On Mon, Jul 24, 2017 at 11:39 PM, Tab Atkins Jr. <[hidden email]> wrote:

> Yeah, thus the "often". ^_^

:-)

> It's been done a few times in DOM land iirc.

Nothing's coming to mind, but I haven't watched DOM as closely as JS.
It'd be interesting to know what was done, when.

> Relying on a promise to resolve to undefined is probably quite
> rare; it would mean that you're explicitly testing for undefined on
> the far end.

Not necessarily, you could be testing for any falsy value, etc. Yes,
it's rare, but it's not limited to Promises either. People seem
obsessed with avoiding having multiple statements if they can get away
with one, even with code that makes no semantic sense; I've seen this
kind of return from methods many times:

```js
if (someCondition) return somethingKnownNotToHaveAReturnValue();
```

...where `somethingKnownNotToHaveAReturnValue` is frequently
`console.log` or `alert` or even `someArray.forEach`. Changing the
return value of `forEach` would change the return value of code doing
this with `forEach`. (I confess a small part of me *wants* to break
that code.
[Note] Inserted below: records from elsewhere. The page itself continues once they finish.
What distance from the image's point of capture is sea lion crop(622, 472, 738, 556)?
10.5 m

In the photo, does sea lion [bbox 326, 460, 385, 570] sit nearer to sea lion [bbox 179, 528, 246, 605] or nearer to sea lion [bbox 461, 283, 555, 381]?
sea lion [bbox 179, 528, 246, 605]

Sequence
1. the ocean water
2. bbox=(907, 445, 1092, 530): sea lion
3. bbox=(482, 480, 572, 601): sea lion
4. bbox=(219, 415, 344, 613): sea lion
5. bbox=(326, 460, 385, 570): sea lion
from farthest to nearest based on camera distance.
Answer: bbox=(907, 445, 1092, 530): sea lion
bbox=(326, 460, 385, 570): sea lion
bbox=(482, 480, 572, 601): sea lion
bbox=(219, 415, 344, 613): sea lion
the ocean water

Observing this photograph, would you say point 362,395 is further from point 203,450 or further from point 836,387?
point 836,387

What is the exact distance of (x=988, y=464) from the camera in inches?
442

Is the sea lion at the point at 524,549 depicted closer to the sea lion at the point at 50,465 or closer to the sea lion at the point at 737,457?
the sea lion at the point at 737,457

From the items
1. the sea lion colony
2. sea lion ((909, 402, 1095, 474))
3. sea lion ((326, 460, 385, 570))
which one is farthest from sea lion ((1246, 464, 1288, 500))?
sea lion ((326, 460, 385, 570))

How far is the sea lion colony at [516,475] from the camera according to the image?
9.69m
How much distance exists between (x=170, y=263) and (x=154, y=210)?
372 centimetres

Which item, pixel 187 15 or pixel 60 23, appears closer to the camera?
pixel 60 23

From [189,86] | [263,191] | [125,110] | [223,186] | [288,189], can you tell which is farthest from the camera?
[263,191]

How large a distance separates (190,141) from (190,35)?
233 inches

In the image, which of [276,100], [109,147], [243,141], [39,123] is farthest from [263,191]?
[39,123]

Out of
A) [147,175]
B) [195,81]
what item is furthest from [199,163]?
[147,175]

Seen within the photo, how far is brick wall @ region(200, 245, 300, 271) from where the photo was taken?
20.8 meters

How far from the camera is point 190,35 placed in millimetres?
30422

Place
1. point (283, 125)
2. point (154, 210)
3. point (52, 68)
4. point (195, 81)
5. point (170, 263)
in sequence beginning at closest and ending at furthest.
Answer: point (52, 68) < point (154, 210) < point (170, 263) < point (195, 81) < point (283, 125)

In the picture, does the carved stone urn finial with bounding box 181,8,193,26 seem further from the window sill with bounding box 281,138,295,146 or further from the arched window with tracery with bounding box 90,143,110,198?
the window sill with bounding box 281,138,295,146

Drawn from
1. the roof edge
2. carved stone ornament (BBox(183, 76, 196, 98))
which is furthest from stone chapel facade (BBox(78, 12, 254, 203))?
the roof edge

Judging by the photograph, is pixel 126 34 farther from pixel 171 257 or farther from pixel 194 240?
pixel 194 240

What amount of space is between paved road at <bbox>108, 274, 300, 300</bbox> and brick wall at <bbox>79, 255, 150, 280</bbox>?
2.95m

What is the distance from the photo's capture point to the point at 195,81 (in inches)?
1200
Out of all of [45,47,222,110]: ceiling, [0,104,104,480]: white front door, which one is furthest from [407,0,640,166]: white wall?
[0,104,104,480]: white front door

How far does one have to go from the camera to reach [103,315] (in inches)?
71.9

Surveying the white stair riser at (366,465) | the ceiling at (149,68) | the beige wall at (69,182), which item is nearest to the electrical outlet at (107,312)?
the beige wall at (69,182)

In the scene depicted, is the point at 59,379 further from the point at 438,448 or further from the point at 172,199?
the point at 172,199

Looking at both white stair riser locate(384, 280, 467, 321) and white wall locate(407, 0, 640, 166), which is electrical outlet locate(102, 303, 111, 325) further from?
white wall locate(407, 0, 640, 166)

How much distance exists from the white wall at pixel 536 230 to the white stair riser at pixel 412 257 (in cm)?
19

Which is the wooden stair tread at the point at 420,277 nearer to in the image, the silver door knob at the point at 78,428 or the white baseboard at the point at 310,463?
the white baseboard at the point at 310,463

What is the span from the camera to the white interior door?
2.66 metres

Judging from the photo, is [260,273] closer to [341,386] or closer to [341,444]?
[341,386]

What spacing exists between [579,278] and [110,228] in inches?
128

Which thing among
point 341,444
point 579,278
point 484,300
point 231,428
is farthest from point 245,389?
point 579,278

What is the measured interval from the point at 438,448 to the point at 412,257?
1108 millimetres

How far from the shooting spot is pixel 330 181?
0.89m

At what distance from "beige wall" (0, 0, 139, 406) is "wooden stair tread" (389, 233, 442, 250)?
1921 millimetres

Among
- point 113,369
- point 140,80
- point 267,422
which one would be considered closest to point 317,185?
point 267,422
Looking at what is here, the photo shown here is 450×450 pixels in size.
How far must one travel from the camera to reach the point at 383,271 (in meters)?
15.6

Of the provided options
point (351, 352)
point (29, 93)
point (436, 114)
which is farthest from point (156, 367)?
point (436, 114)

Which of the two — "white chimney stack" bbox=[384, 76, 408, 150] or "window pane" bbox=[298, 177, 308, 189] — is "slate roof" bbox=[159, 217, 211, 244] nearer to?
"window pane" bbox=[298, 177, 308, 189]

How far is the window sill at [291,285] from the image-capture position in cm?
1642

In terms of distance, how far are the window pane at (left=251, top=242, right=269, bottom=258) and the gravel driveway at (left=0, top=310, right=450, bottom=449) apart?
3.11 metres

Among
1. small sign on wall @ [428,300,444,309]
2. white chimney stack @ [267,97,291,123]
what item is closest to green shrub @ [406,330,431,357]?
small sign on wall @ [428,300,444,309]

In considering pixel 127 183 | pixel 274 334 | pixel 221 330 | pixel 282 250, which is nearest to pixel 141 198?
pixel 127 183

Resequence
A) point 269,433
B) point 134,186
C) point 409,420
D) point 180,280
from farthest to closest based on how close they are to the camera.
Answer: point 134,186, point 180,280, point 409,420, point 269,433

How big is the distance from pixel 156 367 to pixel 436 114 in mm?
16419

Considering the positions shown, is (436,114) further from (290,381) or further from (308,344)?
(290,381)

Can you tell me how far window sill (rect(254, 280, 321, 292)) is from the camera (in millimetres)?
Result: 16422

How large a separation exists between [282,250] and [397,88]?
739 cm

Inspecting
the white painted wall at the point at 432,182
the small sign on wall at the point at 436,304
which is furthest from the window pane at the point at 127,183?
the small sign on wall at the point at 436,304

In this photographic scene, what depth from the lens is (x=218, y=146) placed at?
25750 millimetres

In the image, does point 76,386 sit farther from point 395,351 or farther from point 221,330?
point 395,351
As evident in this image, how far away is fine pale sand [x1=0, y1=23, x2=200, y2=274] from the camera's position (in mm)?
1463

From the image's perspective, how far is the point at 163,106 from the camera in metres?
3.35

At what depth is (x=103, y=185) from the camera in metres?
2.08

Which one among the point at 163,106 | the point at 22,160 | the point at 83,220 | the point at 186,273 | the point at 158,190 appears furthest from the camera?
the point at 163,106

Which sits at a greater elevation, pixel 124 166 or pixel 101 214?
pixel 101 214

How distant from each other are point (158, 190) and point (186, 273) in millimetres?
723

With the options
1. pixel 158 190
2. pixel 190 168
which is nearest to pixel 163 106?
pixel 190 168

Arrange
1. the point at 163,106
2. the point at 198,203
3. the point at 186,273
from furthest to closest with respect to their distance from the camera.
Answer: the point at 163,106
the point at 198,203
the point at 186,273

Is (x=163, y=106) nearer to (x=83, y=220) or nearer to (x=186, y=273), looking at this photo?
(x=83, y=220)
But it's a small part, and I'm not proud of it. :-) )

Concise arrow functions have made it even more common by making it
more hidden; the promise `then` handler was meant just as an example
of a concise arrow function doing this.

For my part, I think `forEach` is too deeply entrenched with its
current return value to get a new one. But "thinking" is just that;
proper research would need to be done.